No matter how long I teach I will always be nervous the first day of class. There are so many unknowns. Each student, for example, is just a name on a piece of paper; so different from how they seem at the end of the semester. The course content is always slightly different too. Sometimes a new topic such as the WIDA Standards for teaching English Language Learners is introduced and sometimes a new activity is included just for the sake of change and keeping things fresh and exciting.
When I was in grad school one of my professors, Lilian Katz, said that all teachers should teach with a sense of "productive anxiety". This, she said, keeps teachers on their toes and makes them constantly aware of the dangers of boring their students out of their minds. I've always heeded this advice because I am very aware of those times, very occasionally I hope, when I drone on and can see students beginning to nod off. They don't happen very often but they always serve as reminders of the need to make sure that I am aware of how my students are reacting to what I am teaching or wanting them to learn.

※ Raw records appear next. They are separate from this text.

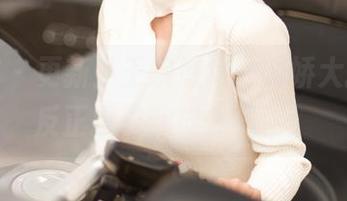 青豆客 – 更新！王婉悠女仆撒娇大挑战，反正屋子乱成一锅粥！
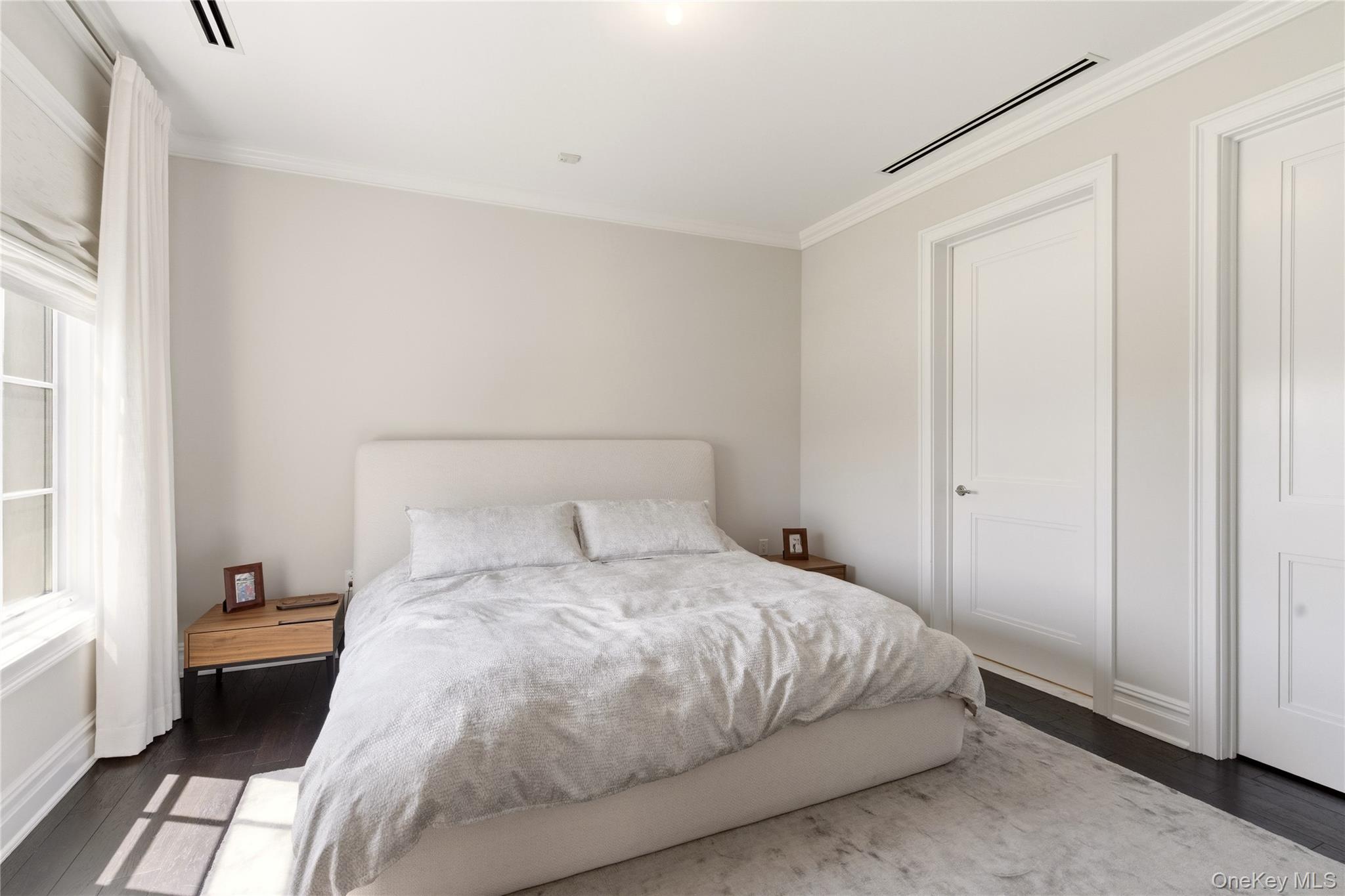 5000 Royal Court Unit: 5014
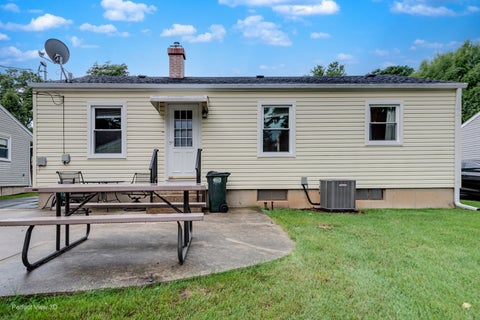 Tiny photo for 133 N Ridgemoor Avenue, Mundelein, IL 60060 (MLS # 12754333)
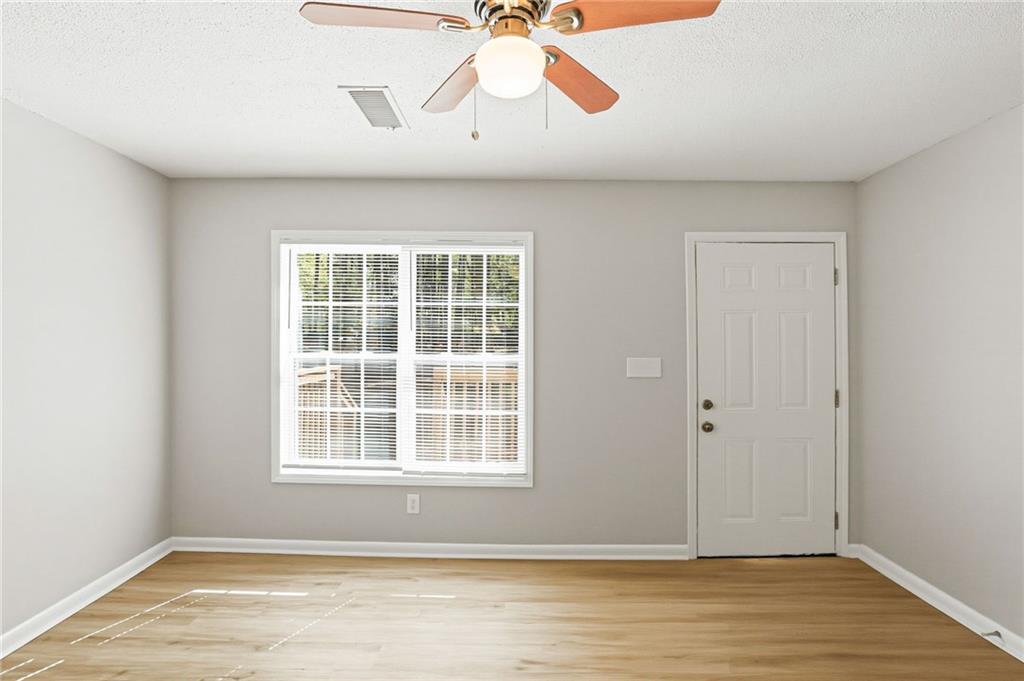 5575 Oglesby Road Atlanta, GA 30349 - Photo 14 of 31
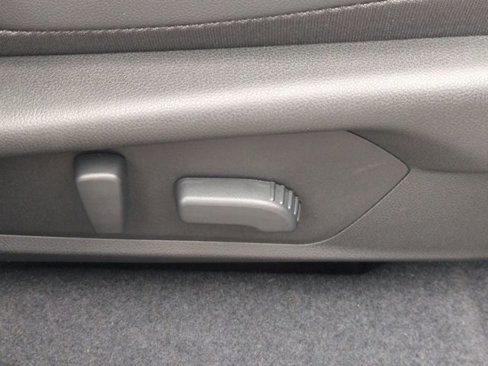 New 2025 Subaru Forester Limited image 41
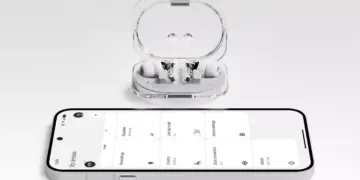 Earphone TWS Nothing Ear (3a) berwarna putih dengan casing transparan terhubung ke smartphone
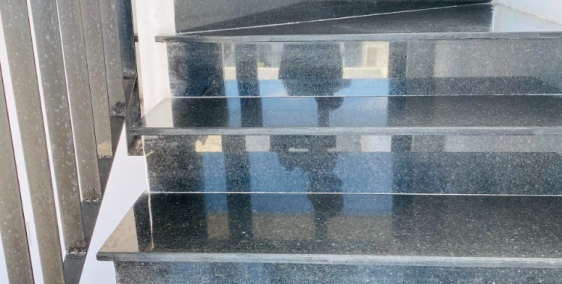 Bán  gấp căn hộ 5 tầng góc 2 mặt tiền Thanh Tịnh  vị trị siêu đẹp gần bến xe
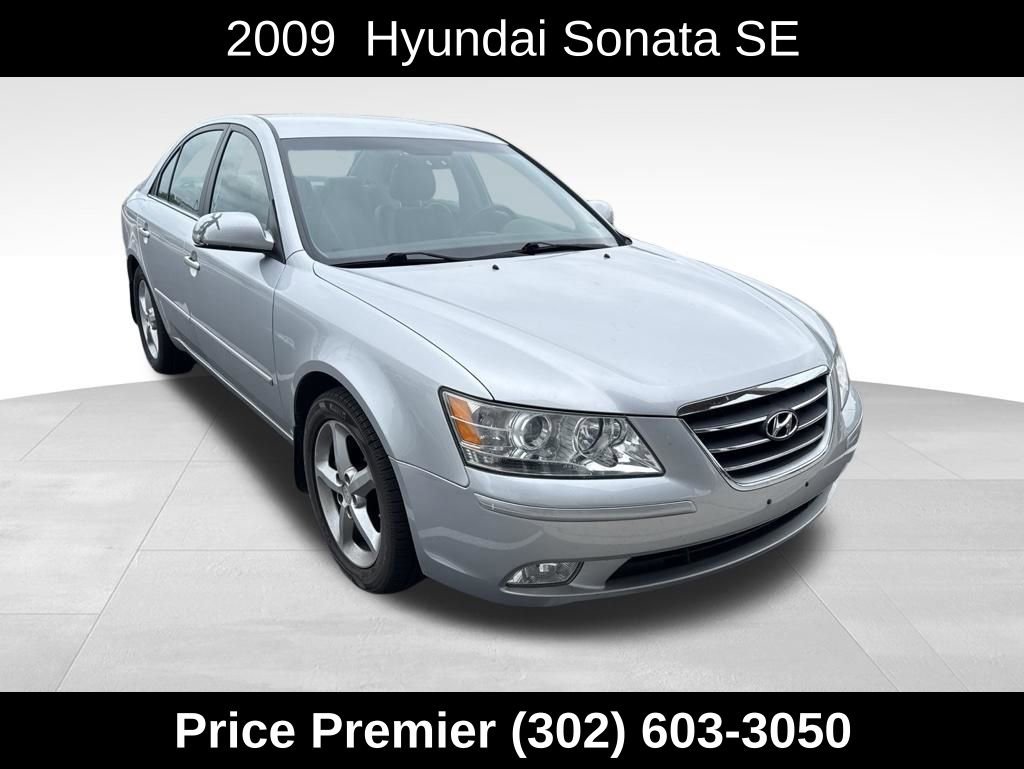 Used 2009 Hyundai Sonata SE FWD image 1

So I think this is the reason why the first class is so nerve wracking. I don't know who the students are and how they will respond to my teaching strategies, or my somewhat droll British sense of humor; "we have a lot to get through today so we may have to stay until 10pm" said with a straight face (the class finishes at 7:30pm). But toward the end of the first two-and-a-half hour class when their personalities and reasons for being there begin to show through I begin to feel more comfortable. But, thank goodness, that sense of productive anxiety is always there in every class I teach throughout the semester. I hope my students feel the same way.
Summer (aaaahhhh) in Richmond Vermont; the Old Round Church "with no corners for the devil to hide in".